# Synthetic Test Set Generation using RAGAS
This notebook demonstrates how to generate a synthetic test set of questions that can be used to evaluate a RAG pipeline using the RAGAS library.

In [2]:
import nest_asyncio
from langchain_community.chat_models import ChatOllama
from langchain_community.embeddings import OllamaEmbeddings
from ragas.run_config import RunConfig
from ragas.testset.evolutions import multi_context, reasoning, simple
from ragas.testset.generator import TestsetGenerator
from langchain.docstore.document import Document
import json

  from .autonotebook import tqdm as notebook_tqdm


In [3]:
nest_asyncio.apply()  # apply the event loop async fix

First we create all the necessary objects used to access the local LLM, embeddings and create a generator object that will be used to create the test set. We then define a distribution for the types of questions we want to be generated in our test set.

In [4]:
llm = ChatOllama(model="mistral-nemo", num_ctx=16384)
embeddings = OllamaEmbeddings(model="mistral-nemo", num_ctx=16384)
gen = TestsetGenerator.from_langchain(
    llm, llm, embeddings, run_config=RunConfig(max_workers=1, max_retries=1)
)
dist = {simple: 0.6, multi_context: 0.2, reasoning: 0.2}

Next we load some text/documents that will be used to create the synthetic test set. These can be loaded in anyway you see fit but should be of type `langchain.docstore.document.Document`.

In [5]:
with open("../data/extracted_metadata.json") as f:
    json_data = json.load(f)
    docs = [
        Document(
            page_content=metadata["value"],
            metadata={"id": metadata["id"], "field": metadata["field"]},
        )
        for metadata in json_data
    ]

In [6]:
docs

[Document(metadata={'id': 'b77ce981-d038-4774-a620-f50da5dd3d31', 'field': 'title'}, page_content='Land Cover Map 2017 (land parcels, GB)'),
 Document(metadata={'id': 'b77ce981-d038-4774-a620-f50da5dd3d31', 'field': 'description'}, page_content="This is the land parcels (polygon) dataset for the UKCEH Land Cover Map of 2017 (LCM2017) representing Great Britain.

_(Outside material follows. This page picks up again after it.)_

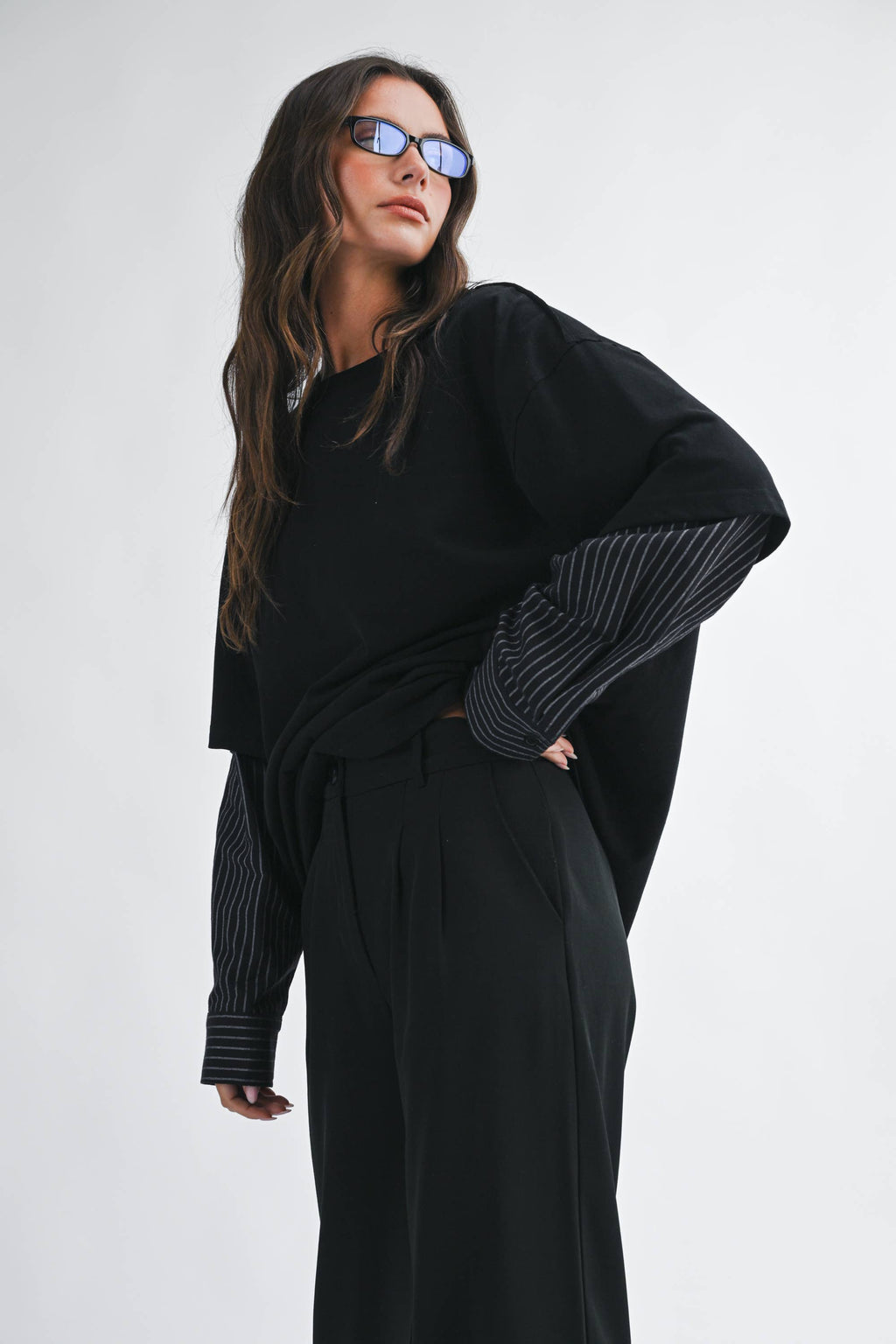 Mixed Media Layered Long Sleeve Top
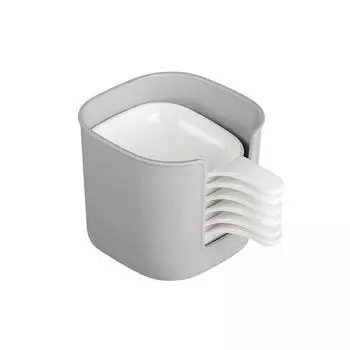 7pcs/set Plate Dipping Saucer Sushi Dish Japanese Bowl Saucer Small Dish Flavour Dish Dip Bowl Set Vinegar Condiment Ceramic Seasoning Dish AVE 6 Discs + One Rack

It describes Great Britain's land cover in 2017 using UKCEH Land Cover Classes, which are based on UK Biodiversity Action Plan broad habitats.  This dataset was derived from the corresponding LCM2017 20m classified pixels dataset.  All further LCM2017 datasets for Great Britain are derived from this land parcel product.  A range of land parcel attributes are provided.  These include the dominant UKCEH Land Cover Class given as an integer value, and a range of per-parcel pixel statistics to help assessing classification confidence and accuracy; for a full explanation please refer to the dataset documentation.\n\nThis work was sup

Then we generate the test set. Here we are only generating `5` test questions for speed, but generate as many as you feel you need.

In [7]:
testset = gen.generate_with_langchain_docs(docs, 5, dist, is_async=False)

Filename and doc_id are the same for all nodes.                 
Generating: 100%|██████████| 5/5 [01:10<00:00, 14.03s/it]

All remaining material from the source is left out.